I do not quite understand what you want to compare. I assume you are are talking about the angle (length of the shadow) of the sun at "solar noon" (Astronomical noon) on a given day? Those angles will change slightly when compared year to year.

For one reason - local clock time and sun's time do not match up perfectly, if you use a local clock. For example: Astronomical noon could be at 12:20 one year on March 21, and then 12:30 the next year on the same date.

Or look at it this way. Let's use March 21 as our day to compare.

Our calendar uses days. Because the the orbital period of the Earth is not evenly divisible by 24 hour days, the precise angle at solar noon on March 21 will be slightly different from year to year.

So, tell us what you want, please.
 
  • #3
Jim, thanks for your interest in my interest.

I live near Houston, TX. My home faces as near to True North as possible. My roofline casts a shadow across my front yard at 'high noon' that is clearly observable. I have marked this shadow line (100 feet from east to west) at both the Winter and Summer solstice moment at high noon for the past 7 years. It is a fun project of anticipation for me and I have the line marked for observation. Each year, at the exact solstice moment, I have watched the shadow reliably appear at the exact locations as last years'. So I basically have a line running across my yard for the Winter moment and a different line marked for the Summer moment, and watch it progress from one line to the next over the time it takes the shadow to travel from one line to the next and back.

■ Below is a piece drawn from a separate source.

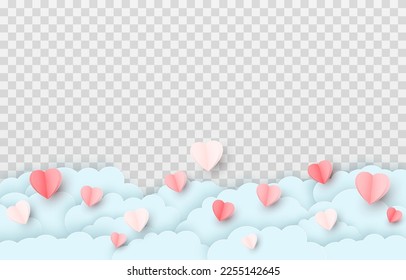 corazones de papel multicolor vectorial png. Corazones de papel sobre un fondo azul del cielo. Papel cielo. Día de San Valentín, 8 de marzo, Día de la Madre.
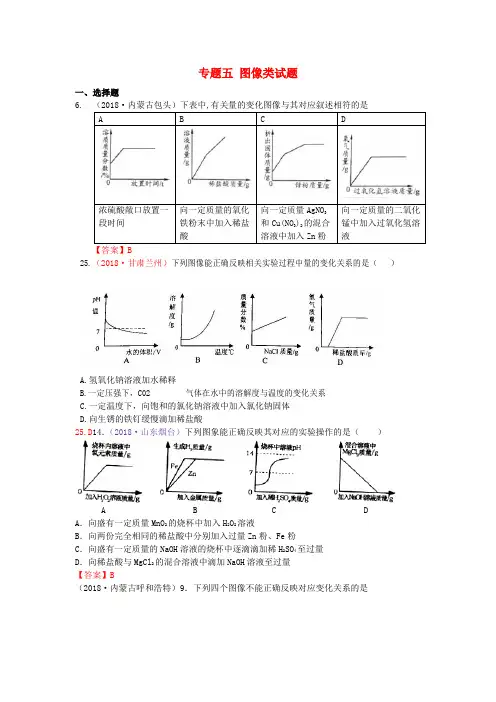 2018年中考化学真题分类汇编 专题五 图像类试题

Ill take a picture and post it for you asap.
 
  • #4
Are you using local time for your noon? You may want to try to find the actual maxima points, which should not happen at local noon. How much does it vary?
 
  • #5
Integral,

It varies alot. I used 'high noon' in my earlier comments, which is a common term. But the time I use is Astronomical Noon. The beauty of this moment is the shadow cast confirms the moment, using angles of the shadow pre-noon and post-noon helps visually see the time approach and pass, but I like to use the Naval Observatory time as backup. Today, though rainy here, astronomical noon is roughly 1330ish hours. Much different than what we commonly call noon.
 
  • #6
I get 13:18 local time as astronomical noon for today in Houston.

one hour of that 1 hour 18 minutes difference is due to CDT/CST. The latitude/longitude for Sam Houston Park in downtown Houston( N 29.76 / W 95.372) also is well into the CDT, so the analemma and longitude and latitude also play games with solar noon vs the local clock. http://en.wikipedia.org/wiki/Analemma

But I still don't see what you want to compare.
 
  • #7
A Plumb-bob placed under an overhang or similar shadow casting structure will give you Astronomical Noon, as the ancients knew it. You actually don't even need a plumb-bob as you become familiar with the object's shadow progression each day. A sundial is the perfect time keeper as well. I've grown accustomed to watching the times of day through the shadows cast around my home and use these observations to determine the 'exact' (give or take a couple minutes) moment of high noon. I have also grown accustomed to watching the times of year through the shadow progression between the two solstice maximums.

Jim, I am, basically, wondering if there are any sites that follow the progression of the Astronomical Noon shadow from one solstice to the next, as I have been doing. I have found lots of sundial sites, but not one I can compare my technique with. Having toured Mexico's ancient sites, I have seen works built to follow this shadow, but can't find any internet spots to enjoy.

Anyway, I hope this isn't in the wrong category of the forum. I figured it is related to Earth's axial tilt and Astronomical Noon so I opened the thread here. Moderators, my apologies if it is not. Just curious, and thanks for your interests and for this wonderful site.
 
  • #8
Rangertab1 said:
Jim, I am, basically, wondering if there are any sites that follow the progression of the Astronomical Noon shadow from one solstice to the next, as I have been doing. I have found lots of sundial sites, but not one I can compare my technique with. Having toured Mexico's ancient sites, I have seen works built to follow this shadow, but can't find any internet spots to enjoy.
Not that I know of. Your project isn't nearly as interesting as ones that use a fixed clock time rather than a fixed solar time. You can find lots of sites that show time-lapsed pictures the Sun or its shadow with a picture taken every day at the same UTC (formerly known as GMT) time. For example, just pick a time of day and plop a stone down at the end of your shadow. Do this at the same time (clock time, not solar time; the only adjustment is for daylight savings time) every day for a year. You'll have a neat figure eight of stones. To see such images, just go to google images and search for analemma.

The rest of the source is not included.